#### [Dataset excerpt]
.....

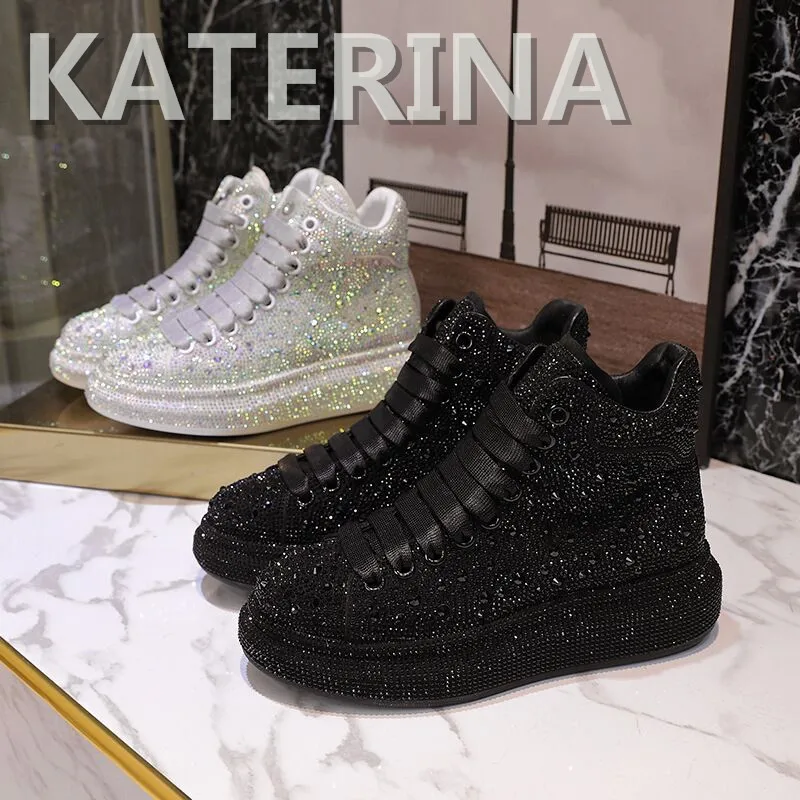 

Women Black Bling High Top Thick Sole Casual Shoes Lace Up Male Glitter Sneakers Flat Leisure Trainer Shoes Luxury Designer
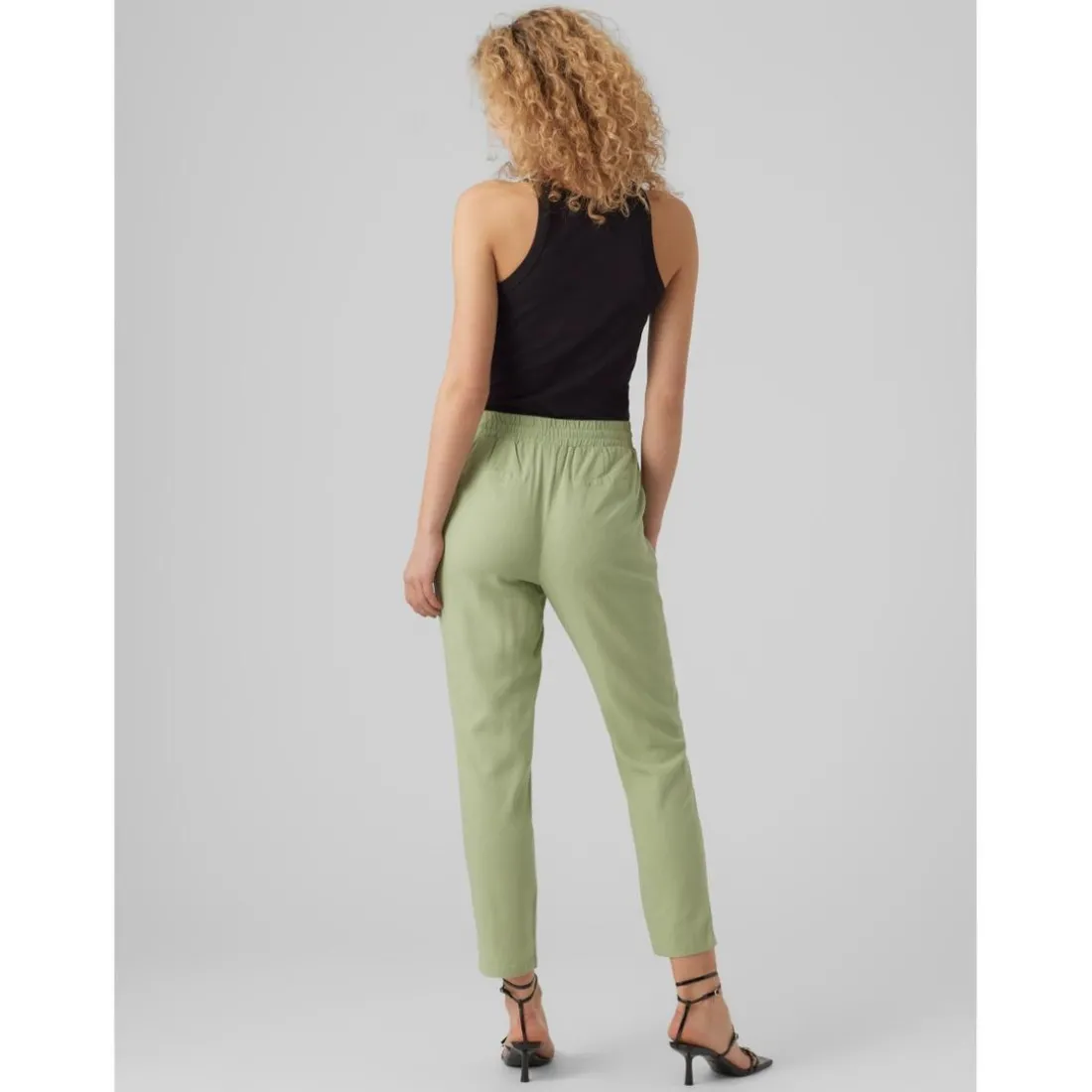 Pantalon Regular Fit Taille moyenne Longueur cheville vert en viscose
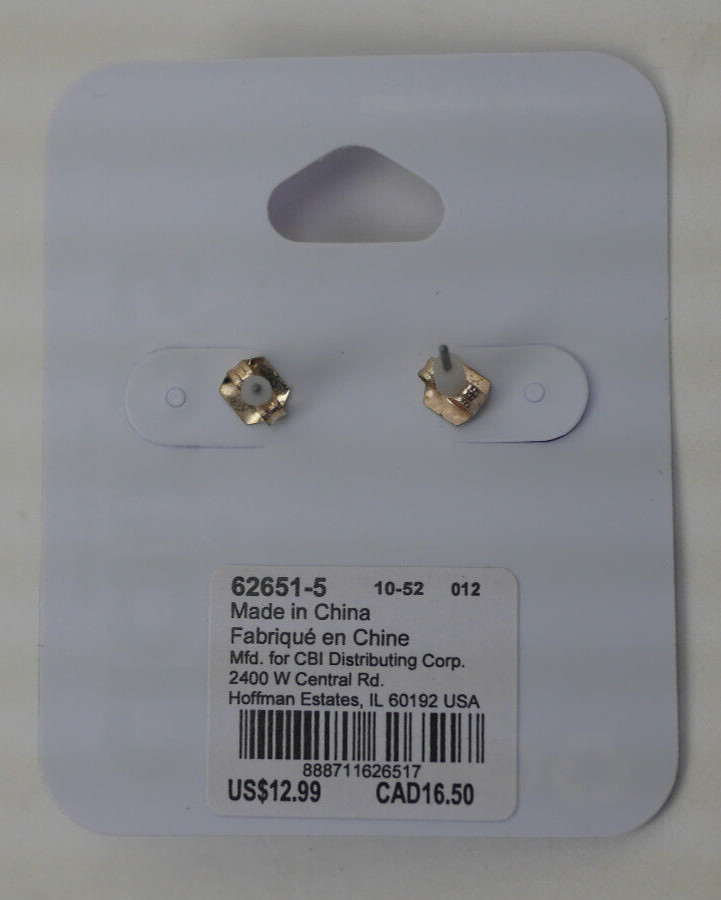 Claire’s Rose Gold Pearl Crystal 1″ Bar Drop Earrings (G131424-1 LOC. D)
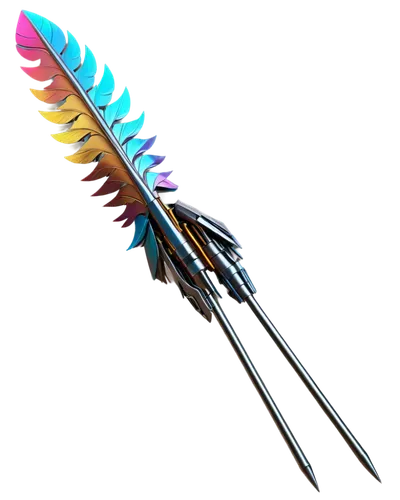 Dart, metallic material, sharp tip, colorful feathers, thin stem, weighted tail, professional design, high-quality texture, close-up shot, shallow depth of field, warm lighting, 3/4 composition, reali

.....

#### [Work item]
Quote, exactly and only, the lines from the first line of the data above through the line containing "Claire’s Rose Gold". The pictures do not belong in it.

#### [Solution for this task]
Women Black Bling High Top Thick Sole Casual Shoes Lace Up Male Glitter Sneakers Flat Leisure Trainer Shoes Luxury Designer
 Pantalon Regular Fit Taille moyenne Longueur cheville vert en viscose
 Claire’s Rose Gold Pearl Crystal 1″ Bar Drop Earrings (G131424-1 LOC. D)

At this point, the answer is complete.